Artificial Neural Networks

PSTAT197A/CMPSC190DD Fall 2022

Trevor Ruiz



Neural Networks

Discuss with your table (3min)

What do you know (or have you heard) about neural networks?

  • what are they

  • what are they used for

  • any other info?

Graphical model diagram

Consider an arbitrary statistical model with one response \(Y\) and three predictors \(x_1, x_2, x_3\).

A simple diagram of the model would look like this:

G cluster_0 predictors cluster_2 response in1 x1 o1 Y in1->o1 in2 x2 in2->o1 in3 x3 in3->o1

Graph layers

A model that maps predictors directly to the response has just two “layers”:

  • an input layer \(X\)

  • an output layer \(Y\) (or more accurately \(\mathbb{E}Y\))

Neural networks add layers between the input and output.

‘Vanilla’ neural network

G cluster_0 cluster_2 cluster_1 in1 h1 in1->h1 h2 in1->h2 h3 in1->h3 h4 in1->h4 in2 in2->h1 in2->h2 in2->h3 in2->h4 in3 in3->h1 in3->h2 in3->h3 in3->h4 o1 h1->o1 h2->o1 h3->o1 h4->o1
  • one input layer

  • one hidden layer

  • one output layer

  • one parameter per edge

More formally

Let \(Y\in\mathbb{R}^n\) and \(X \in \mathbb{R}^{n\times p}\) represent some data.
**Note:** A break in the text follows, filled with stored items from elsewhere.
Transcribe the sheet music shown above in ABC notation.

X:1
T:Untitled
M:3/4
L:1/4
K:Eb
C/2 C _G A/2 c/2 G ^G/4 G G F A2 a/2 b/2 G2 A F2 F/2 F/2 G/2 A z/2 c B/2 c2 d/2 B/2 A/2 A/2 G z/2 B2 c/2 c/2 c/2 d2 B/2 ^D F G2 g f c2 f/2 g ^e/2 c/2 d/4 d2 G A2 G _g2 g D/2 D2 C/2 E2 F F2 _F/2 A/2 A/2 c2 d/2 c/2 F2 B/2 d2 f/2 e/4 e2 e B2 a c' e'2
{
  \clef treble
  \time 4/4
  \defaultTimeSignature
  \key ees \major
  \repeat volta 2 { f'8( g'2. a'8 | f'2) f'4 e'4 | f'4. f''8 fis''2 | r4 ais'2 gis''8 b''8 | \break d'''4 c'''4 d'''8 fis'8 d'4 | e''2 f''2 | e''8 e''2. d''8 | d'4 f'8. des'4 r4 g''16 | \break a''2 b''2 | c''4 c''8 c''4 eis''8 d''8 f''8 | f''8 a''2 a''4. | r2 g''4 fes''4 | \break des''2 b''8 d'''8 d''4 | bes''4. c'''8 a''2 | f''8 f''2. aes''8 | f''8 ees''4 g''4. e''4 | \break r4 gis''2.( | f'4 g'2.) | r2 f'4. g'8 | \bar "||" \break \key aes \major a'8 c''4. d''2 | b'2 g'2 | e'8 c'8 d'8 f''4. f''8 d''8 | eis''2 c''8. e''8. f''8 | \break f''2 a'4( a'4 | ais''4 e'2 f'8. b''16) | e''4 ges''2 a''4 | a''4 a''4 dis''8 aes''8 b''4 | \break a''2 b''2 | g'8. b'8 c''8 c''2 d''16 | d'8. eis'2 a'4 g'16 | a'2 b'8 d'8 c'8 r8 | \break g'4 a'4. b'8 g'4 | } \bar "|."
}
The vanilla neural network is:

\[\begin{aligned} \color{#eed5b7}{\mathbb{E}Y} &= \sigma_z(\color{#7ac5cd}{Z}\color{#8b3e2f}{\beta}) \qquad &\text{output layer}\\ \color{#7ac5cd}{Z} &= \left[\sigma_x(\color{#66cdaa}{X}\color{#8b3e2f}{\alpha_1}) \;\cdots\; \sigma_x(\color{#66cdaa}{X}\color{#8b3e2f}{\alpha_M})\right] \qquad &\text{hidden layer} \\ \color{#66cdaa}{X} &= \left[x_1 \;\cdots\; x_p\right] \qquad&\text{input layer} \end{aligned}\]
  • \(\sigma_x, \sigma_z\) are (known) activation functions
  • \(\color{#8b3e2f}{\beta}, \color{#8b3e2f}{\alpha}\) are weights (model parameters)
    • \(p(M + 1)\) of them as written

Training a network

Notice that the output is simply a long composition:

\[ Y = f(X) \quad\text{where}\quad f \equiv \sigma_z \circ h_\beta\circ \sigma_x \circ h_\alpha \]

  • each function is either known or linear

  • compute parameters by minimizing a loss function

  • minimization by gradient descent

Gradient descent

Denoting the parameter vector by \(\theta = \left(\alpha^T \; \beta^T\right)\), initialize \(\theta^{(0)}\) and repeat:

\[ \theta^{(r + 1)} \longleftarrow \theta^{(r)} + c_r \nabla L^{(r)} \]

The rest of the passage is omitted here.